La voz profunda era tranquila, pero llevaba peso.

La cabeza de Christan se levantó de golpe cuando el Duque entró en su campo de visión, su presencia cortando la tensión en el corredor como una espada.

Kyle se volvió e inclinó ligeramente la cabeza, ofreciendo un saludo respetuoso.

—¡P-Padre!

¡Me atacó!

¿Viste lo que hizo?

Tienes que castigarlo.

Esto…

¡esto es completamente inaceptable!

—dijo Christan rápidamente, aprovechando el momento.

Se puso de pie tambaleándose, todavía sosteniendo su muñeca lesionada.

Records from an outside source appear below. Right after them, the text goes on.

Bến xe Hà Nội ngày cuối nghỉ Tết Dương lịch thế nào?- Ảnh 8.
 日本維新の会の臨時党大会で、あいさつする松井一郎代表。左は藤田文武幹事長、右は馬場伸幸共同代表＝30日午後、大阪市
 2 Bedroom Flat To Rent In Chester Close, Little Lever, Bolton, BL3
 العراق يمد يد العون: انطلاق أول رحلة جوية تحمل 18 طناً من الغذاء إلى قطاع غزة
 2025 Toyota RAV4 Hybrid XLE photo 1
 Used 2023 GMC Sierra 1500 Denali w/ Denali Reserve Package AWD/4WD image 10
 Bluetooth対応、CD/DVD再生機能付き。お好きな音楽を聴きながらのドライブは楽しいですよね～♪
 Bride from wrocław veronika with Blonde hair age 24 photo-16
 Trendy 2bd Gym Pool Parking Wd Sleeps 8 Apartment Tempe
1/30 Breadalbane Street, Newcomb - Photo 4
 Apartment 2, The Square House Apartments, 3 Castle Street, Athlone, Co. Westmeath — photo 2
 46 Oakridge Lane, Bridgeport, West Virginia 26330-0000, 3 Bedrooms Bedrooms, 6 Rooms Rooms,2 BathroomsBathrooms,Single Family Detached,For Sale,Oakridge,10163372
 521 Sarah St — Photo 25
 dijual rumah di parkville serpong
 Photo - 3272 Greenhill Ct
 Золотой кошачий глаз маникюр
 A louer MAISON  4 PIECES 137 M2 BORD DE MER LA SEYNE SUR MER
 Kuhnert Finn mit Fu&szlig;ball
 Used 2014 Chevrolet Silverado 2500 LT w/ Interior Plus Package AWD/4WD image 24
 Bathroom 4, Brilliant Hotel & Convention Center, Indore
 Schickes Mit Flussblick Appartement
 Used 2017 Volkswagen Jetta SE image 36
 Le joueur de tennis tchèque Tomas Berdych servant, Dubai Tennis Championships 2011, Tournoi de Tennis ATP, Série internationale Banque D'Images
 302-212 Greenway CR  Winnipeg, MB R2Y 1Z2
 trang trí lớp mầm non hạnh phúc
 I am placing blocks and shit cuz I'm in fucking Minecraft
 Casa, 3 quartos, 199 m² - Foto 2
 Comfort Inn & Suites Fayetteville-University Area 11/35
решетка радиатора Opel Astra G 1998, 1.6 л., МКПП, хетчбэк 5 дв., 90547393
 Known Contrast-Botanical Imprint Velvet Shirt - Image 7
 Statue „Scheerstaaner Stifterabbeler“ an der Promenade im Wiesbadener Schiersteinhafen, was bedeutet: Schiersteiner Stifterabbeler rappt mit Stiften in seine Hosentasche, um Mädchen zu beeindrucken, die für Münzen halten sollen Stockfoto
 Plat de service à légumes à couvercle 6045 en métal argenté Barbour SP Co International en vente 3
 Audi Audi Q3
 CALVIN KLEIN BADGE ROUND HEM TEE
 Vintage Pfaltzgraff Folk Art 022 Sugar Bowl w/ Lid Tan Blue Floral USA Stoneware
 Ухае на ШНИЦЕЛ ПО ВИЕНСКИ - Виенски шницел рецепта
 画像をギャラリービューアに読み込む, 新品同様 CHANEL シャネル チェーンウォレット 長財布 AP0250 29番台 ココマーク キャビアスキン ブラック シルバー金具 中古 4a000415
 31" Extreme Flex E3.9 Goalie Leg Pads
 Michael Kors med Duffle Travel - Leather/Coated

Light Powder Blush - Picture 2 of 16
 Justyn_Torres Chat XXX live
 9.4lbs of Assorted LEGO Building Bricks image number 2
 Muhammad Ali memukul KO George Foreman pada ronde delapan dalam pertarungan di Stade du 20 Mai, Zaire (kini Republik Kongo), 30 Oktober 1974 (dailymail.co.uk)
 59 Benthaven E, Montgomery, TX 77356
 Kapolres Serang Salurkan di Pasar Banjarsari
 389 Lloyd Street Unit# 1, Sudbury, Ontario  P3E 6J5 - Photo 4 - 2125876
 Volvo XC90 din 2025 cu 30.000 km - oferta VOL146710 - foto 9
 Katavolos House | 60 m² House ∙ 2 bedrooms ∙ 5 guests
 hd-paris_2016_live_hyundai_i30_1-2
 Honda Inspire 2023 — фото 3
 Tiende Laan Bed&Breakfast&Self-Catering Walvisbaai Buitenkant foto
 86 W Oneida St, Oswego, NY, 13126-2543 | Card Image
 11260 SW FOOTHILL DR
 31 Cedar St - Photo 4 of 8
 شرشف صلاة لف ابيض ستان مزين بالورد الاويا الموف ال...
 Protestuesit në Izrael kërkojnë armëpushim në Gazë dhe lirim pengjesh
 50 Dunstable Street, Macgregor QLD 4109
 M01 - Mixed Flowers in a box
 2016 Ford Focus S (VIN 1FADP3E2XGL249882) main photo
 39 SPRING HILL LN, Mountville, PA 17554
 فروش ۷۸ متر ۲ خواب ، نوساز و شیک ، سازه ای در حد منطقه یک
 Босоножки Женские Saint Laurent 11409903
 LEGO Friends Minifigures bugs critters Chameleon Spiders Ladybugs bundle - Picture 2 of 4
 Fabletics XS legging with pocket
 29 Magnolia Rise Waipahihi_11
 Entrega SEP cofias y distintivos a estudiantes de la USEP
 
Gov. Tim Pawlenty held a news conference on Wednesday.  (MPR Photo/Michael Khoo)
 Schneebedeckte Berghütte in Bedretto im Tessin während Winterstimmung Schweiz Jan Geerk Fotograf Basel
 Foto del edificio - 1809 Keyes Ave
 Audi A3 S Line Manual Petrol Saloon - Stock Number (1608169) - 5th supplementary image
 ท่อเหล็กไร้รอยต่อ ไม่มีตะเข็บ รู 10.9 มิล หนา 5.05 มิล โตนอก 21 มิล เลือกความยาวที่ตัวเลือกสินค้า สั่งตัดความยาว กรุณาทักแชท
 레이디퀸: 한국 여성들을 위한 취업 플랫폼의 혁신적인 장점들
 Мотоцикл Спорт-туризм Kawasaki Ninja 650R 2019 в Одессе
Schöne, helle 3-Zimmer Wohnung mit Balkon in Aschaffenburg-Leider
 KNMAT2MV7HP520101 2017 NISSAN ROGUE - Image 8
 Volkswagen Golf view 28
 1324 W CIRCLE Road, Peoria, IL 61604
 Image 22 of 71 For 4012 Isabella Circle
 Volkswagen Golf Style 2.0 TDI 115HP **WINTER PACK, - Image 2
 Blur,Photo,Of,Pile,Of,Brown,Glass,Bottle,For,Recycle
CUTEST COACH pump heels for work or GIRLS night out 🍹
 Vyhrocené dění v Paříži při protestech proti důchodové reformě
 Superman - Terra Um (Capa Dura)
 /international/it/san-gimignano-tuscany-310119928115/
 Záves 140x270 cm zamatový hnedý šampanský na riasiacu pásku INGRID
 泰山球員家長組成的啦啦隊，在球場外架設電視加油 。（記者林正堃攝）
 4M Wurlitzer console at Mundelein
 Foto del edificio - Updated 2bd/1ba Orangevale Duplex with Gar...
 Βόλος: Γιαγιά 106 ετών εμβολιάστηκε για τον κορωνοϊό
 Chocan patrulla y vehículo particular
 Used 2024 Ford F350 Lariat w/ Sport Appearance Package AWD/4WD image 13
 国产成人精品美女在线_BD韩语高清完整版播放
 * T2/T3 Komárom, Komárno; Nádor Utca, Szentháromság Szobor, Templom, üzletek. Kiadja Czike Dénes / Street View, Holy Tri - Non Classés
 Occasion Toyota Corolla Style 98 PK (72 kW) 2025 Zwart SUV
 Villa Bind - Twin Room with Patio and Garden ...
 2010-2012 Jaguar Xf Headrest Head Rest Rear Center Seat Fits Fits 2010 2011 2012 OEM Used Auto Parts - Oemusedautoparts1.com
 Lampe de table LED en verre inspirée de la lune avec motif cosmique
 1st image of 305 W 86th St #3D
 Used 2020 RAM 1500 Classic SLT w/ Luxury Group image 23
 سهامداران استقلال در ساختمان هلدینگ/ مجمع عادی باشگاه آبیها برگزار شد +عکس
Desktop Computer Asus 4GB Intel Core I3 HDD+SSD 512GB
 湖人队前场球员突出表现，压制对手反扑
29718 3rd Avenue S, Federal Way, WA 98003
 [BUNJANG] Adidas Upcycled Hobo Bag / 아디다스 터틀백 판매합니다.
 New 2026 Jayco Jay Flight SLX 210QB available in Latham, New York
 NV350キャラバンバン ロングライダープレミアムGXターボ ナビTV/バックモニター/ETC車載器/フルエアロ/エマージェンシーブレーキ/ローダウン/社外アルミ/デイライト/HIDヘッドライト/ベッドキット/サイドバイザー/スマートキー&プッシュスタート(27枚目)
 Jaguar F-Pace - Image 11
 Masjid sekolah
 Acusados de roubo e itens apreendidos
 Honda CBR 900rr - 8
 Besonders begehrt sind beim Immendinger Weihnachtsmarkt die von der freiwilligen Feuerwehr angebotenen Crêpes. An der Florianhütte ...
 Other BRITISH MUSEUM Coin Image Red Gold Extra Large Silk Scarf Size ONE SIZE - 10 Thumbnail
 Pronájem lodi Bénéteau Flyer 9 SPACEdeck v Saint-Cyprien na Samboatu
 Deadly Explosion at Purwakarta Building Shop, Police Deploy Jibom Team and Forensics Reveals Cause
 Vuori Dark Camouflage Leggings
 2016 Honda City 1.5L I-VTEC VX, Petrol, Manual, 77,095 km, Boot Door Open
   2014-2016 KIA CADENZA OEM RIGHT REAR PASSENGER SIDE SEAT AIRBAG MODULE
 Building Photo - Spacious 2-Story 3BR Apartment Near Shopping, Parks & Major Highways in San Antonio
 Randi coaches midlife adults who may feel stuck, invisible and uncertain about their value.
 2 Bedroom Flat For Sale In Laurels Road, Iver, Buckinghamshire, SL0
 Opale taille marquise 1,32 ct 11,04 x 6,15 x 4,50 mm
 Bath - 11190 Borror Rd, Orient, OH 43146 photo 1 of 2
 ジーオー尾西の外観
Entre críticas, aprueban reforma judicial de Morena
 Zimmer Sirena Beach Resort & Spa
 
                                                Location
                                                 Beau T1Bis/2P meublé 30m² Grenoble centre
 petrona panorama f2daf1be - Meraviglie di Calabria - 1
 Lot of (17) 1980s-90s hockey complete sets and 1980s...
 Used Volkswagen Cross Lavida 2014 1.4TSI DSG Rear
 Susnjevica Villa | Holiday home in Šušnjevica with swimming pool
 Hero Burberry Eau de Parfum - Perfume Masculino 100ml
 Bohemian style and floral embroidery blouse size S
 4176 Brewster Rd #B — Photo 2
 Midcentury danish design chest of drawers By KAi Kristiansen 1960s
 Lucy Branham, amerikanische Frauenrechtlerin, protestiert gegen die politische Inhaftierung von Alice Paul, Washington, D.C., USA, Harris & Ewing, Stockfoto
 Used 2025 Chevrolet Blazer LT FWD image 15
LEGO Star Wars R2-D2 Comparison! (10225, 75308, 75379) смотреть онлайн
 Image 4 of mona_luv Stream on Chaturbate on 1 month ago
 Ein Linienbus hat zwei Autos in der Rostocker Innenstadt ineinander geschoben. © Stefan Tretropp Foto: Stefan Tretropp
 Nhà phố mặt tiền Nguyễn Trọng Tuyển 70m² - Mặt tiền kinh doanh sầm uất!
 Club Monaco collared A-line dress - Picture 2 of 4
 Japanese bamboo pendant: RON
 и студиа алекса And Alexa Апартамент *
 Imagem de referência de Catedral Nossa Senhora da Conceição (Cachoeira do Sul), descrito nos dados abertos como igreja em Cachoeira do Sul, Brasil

El Duque no respondió al principio.

Su mirada recorrió a Christan—piernas temblorosas, ojos desesperados, mejillas sonrojadas—y luego a Kyle, que permanecía compuesto, inescrutable, intacto.

—Levántate, Christan.

Estás avergonzando el nombre Armstrong con tus lamentos y tu temblor —dijo el Duque secamente.

Christan parpadeó.

—Pero…

¡Padre…!

—Ahora.

La mandíbula de Christan se cerró de golpe.

Las palabras eran claras.

Sin apoyo.

Sin defensa.

Nada en qué respaldarse.

Mordiéndose el labio para evitar decir algo de lo que se arrepentiría, Christan se dio la vuelta y se alejó por el pasillo, con los hombros tensos por la humillación.

Kyle lo vio irse, y solo entonces miró hacia el Duque.

El Duque, mientras tanto, no había apartado la mirada de Kyle ni un momento.

No hubo reproche.

Ni ira.

Solo evaluación silenciosa.

Kyle no necesitaba palabras para entender—su padre estaba observando.

Midiendo.

Probando.

Y en ese momento, Kyle se dio cuenta de que todo este encuentro, desde el segundo en que entró en el pasillo, probablemente había sido una prueba.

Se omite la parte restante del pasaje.